====== MATERIAL PROVIDED
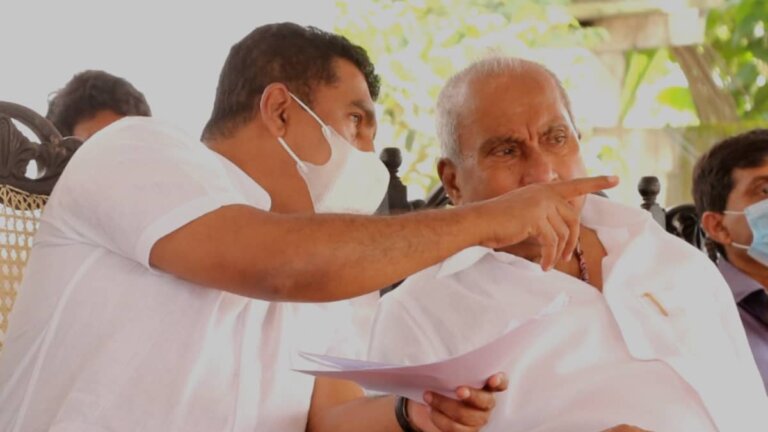 “සජිත්ගේ පියාණෝ දෝෂාභියෝගය වෙලේ වාරඅවසාන කරලා පුටුවල ඌරු තෙල් ගෑවා”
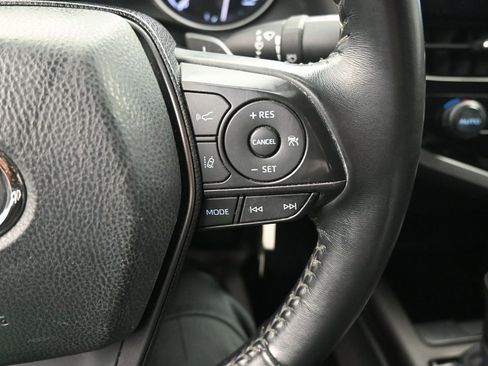 Used 2021 Toyota Camry SE image 17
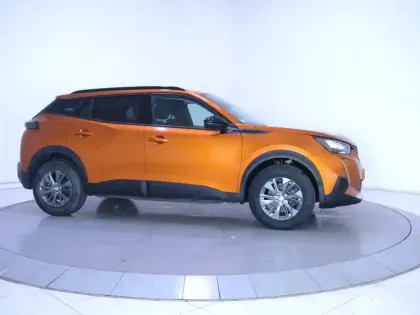 Photo 71 Peugeot 2008  Electrique 136 ch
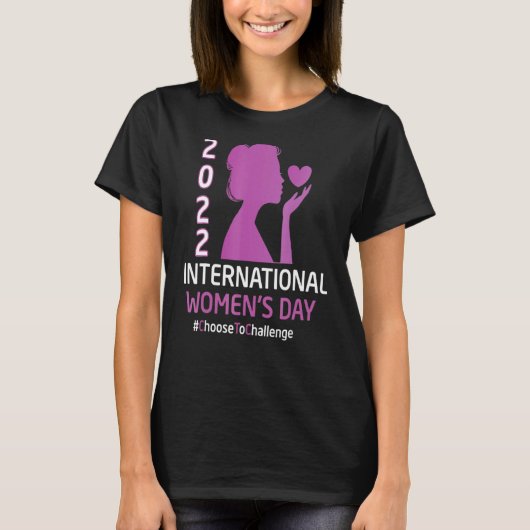 2022国際的年に挑戦する女性の日 Tシャツ (正面)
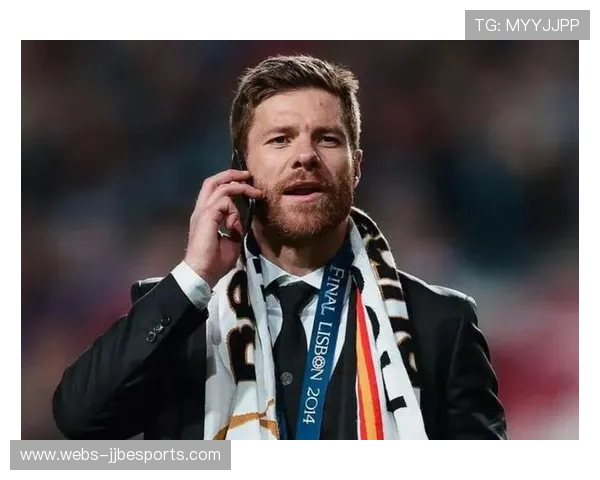 皇马换帅后首战告捷，阿韦洛亚西甲执教首秀稳健起步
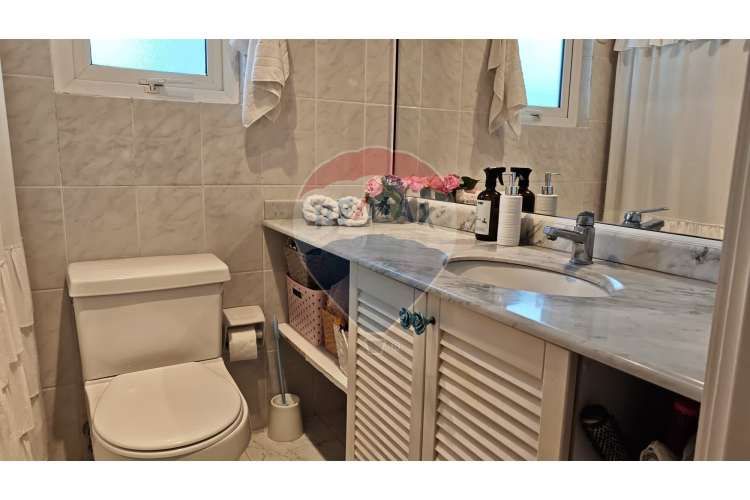 Amplia y luminosa casa en venta en barrio inglés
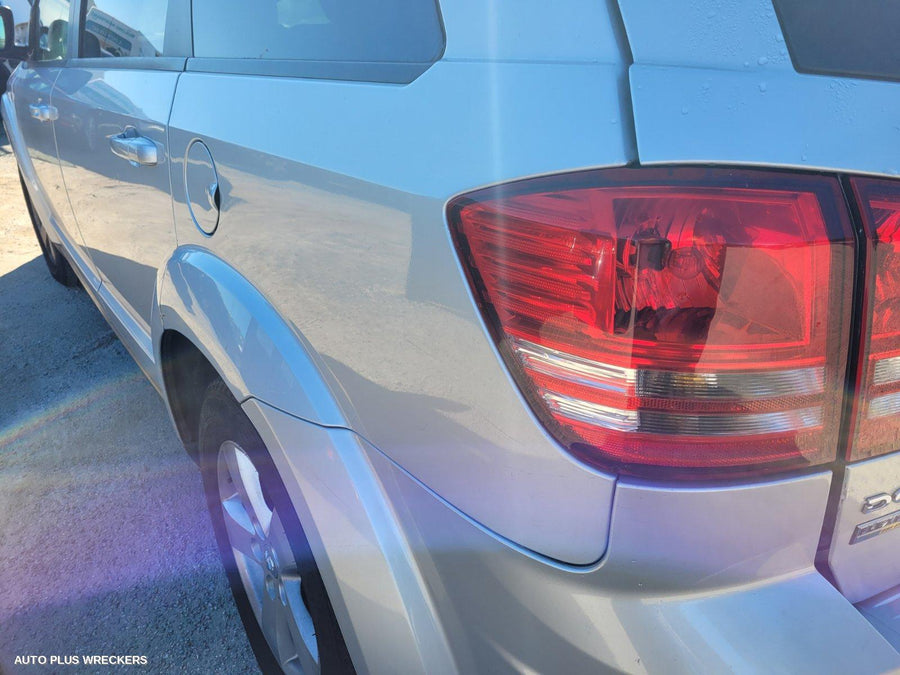 2010 Dodge Journey Left Taillight
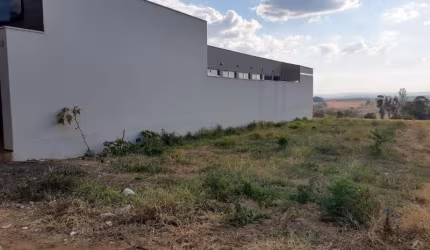 TERRENO BRODOSWKI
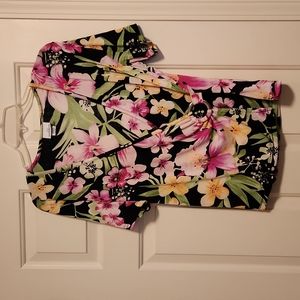 Jaclyn Smith size medium top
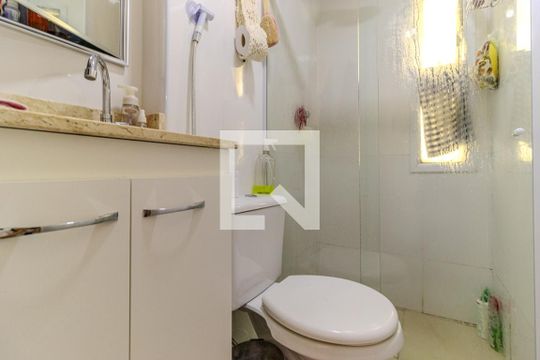 Banheiro de apartamento para alugar com 1 quarto, 45m² em Vila Buarque, São Paulo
============
EXERCISE BRIEF
Copy exactly the lines that run from the line containing "2010 Dodge Journey Left Taillight" to the end of the data above, keeping both end lines and leaving out all pictures.

TASK RESULT
 2010 Dodge Journey Left Taillight
 TERRENO BRODOSWKI
 Jaclyn Smith size medium top
 Banheiro de apartamento para alugar com 1 quarto, 45m² em Vila Buarque, São Paulo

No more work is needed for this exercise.